─── DATASET EXTRACT

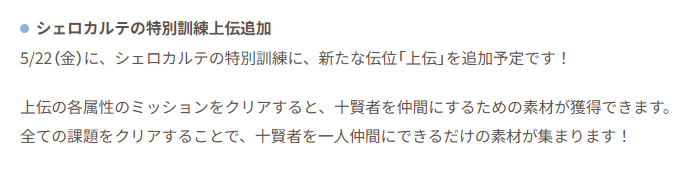 Granblue_GW's tweet photo. 5/22(金)にシェロカルテの特別訓練に新たな伝位「上伝」を追加予定！

・上伝の各属性のミッションをクリアすると、十賢者を仲間にするための素材を獲得
・全ての課題をクリアで、十賢者を一人仲間にできるだけの素材が集まる仕様
#グラブル https://t.co/g1OlFa60d8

──────

TASK INSTRUCTIONS: Repeat the lines above precisely and skip every picture.

TASK RESPONSE:
 Granblue_GW's tweet photo. 5/22(金)にシェロカルテの特別訓練に新たな伝位「上伝」を追加予定！

・上伝の各属性のミッションをクリアすると、十賢者を仲間にするための素材を獲得
・全ての課題をクリアで、十賢者を一人仲間にできるだけの素材が集まる仕様
#グラブル https://t.co/g1OlFa60d8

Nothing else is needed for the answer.